Calculate your total weekly training volume by muscle group — sets, reps, tonnage, and more.
Add each exercise you perform in a typical week, selecting the target muscle group, number of sets, average reps per set, and the weight lifted. Hit Calculate Volume to instantly see your total weekly tonnage (total load), working sets per muscle group, and how your volume stacks up against evidence-based recommendations.
You can log multiple exercises targeting the same muscle group — the tool aggregates everything automatically.
Training volume — the total amount of work you perform — is arguably the most important driver of muscle hypertrophy and strength adaptation. Too little, and you won't stimulate sufficient growth. Too much, and you risk overtraining, injury, and burnout. Getting the balance right matters enormously.
Research by Brad Schoenfeld, Mike Israetel, and others suggests that most natural lifters benefit from 10–20 working sets per muscle group per week for hypertrophy. Beginners can see gains at just 5–10 sets/week, while advanced trainees may push to 20–25 sets for some muscles. Strength-focused athletes typically operate at lower volumes (3–8 sets) with heavier loads. Weekly tonnage — total weight lifted across all sets and reps — gives you an objective measure to track progress over time.
Tracking volume also helps you balance your program. Many lifters over-train pushing muscles (chest, shoulders, triceps) while under-training pulling muscles (back, rear delts, biceps) — a recipe for postural issues and shoulder injuries.
Weekly Tonnage (per exercise): Sets × Reps × Weight (kg or lb)
Total Weekly Sets (per muscle): Sum of all sets across all exercises targeting that muscle group
Volume Load Index: Total tonnage summed across all exercises
Volume zones are based on published guidelines: Low = under 10 sets/muscle/week, Optimal = 10–20 sets, High = 21–25 sets, Very High = 25+ sets.
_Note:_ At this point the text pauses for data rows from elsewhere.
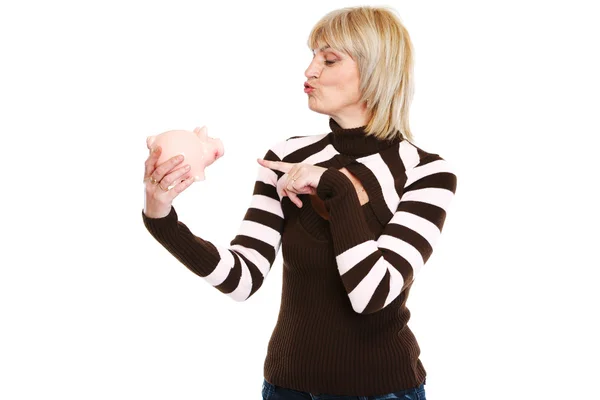Happy middle age woman pointing on piggy bank — Stock Photo, Image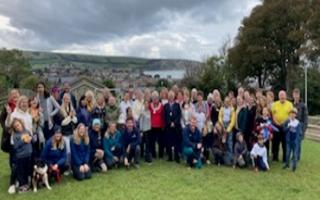 The Ukrainian group at Cumulus Outdoors Swanage pictured with Mayor of Swanage Tina Foster and Consort Chris Moreton, together with Cumulus staff and Radipole Church volunteers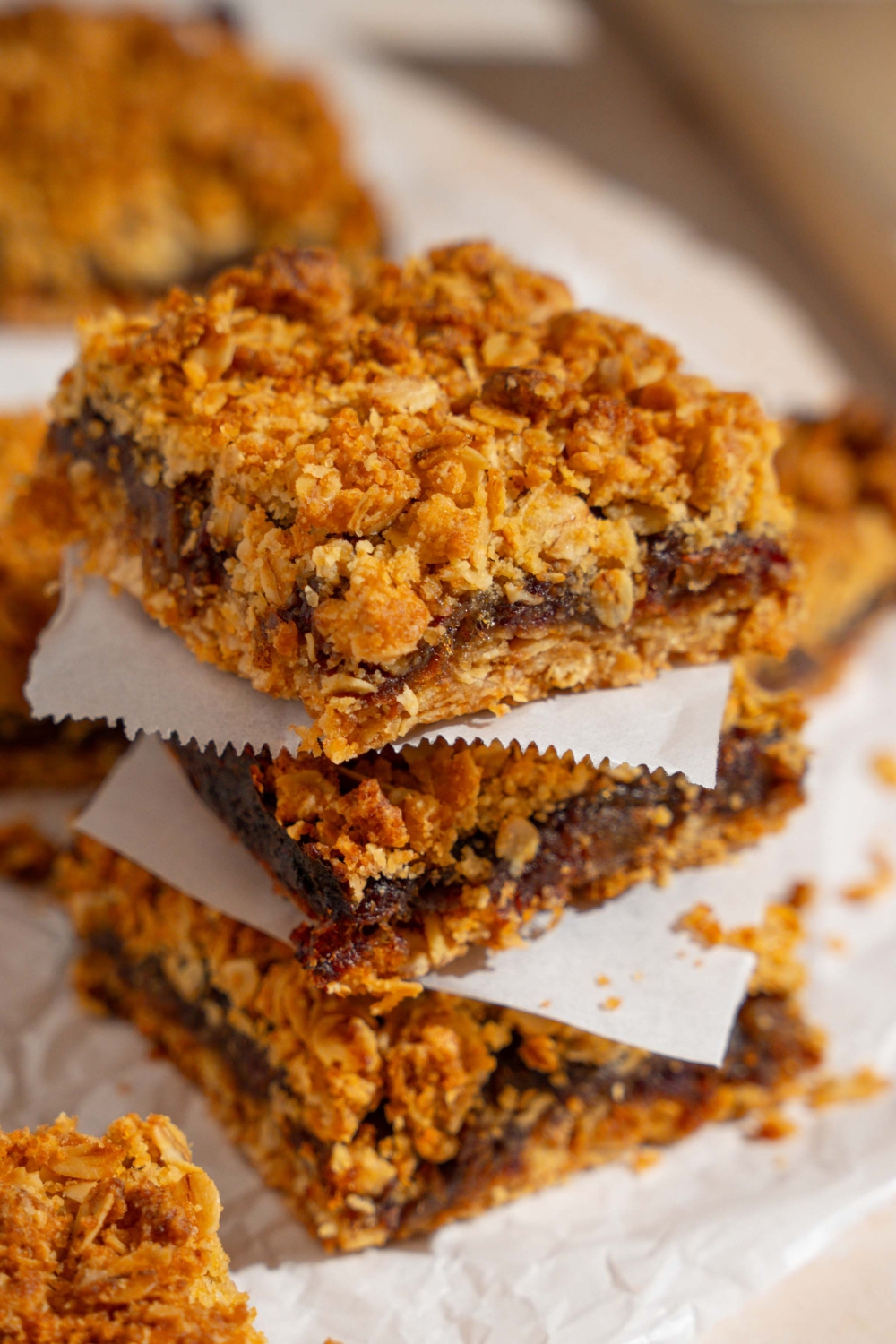 A stack of three old fashioned date bars with a parchment square in between each one. The stack is on a piece of parchment paper with additional bars.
Research suggests 10–20 working sets per muscle group per week is the "sweet spot" for most natural lifters pursuing hypertrophy. Beginners can see excellent results at 5–10 sets. Advanced lifters may temporarily use 20–30 sets during accumulation phases, but this requires careful recovery management.
Yes — higher rep sets with lighter weight can generate similar or greater hypertrophic stimulus than lower rep sets with heavy weight, but total tonnage will differ significantly. For comparing volume across rep ranges, sets-per-muscle is a more reliable metric than raw tonnage. Use tonnage primarily to track load progression over time.
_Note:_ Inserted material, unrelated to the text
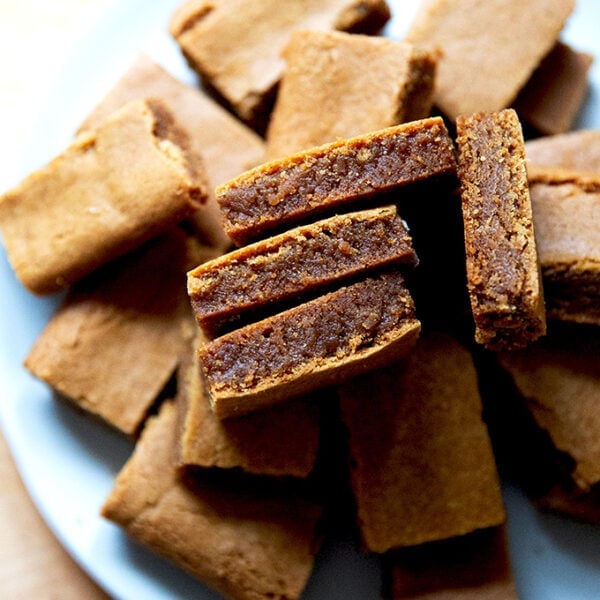 Cut gingerbread cookie bars on a plate.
Yes, partially. A bench press counts primarily toward chest volume, but also contributes to shoulder and triceps volume. When adding exercises, choose the primary muscle group — many coaches recommend counting compound exercises as 1 full set for the primary muscle and 0.5 sets for secondaries, though this tool uses whole sets for simplicity.
Volume refers to the total amount of work (sets × reps × load), while intensity refers to the load relative to your maximum (expressed as %1RM). A high-volume program (many sets, moderate reps) differs from a high-intensity program (few sets, heavy loads). Effective programs balance both across training phases.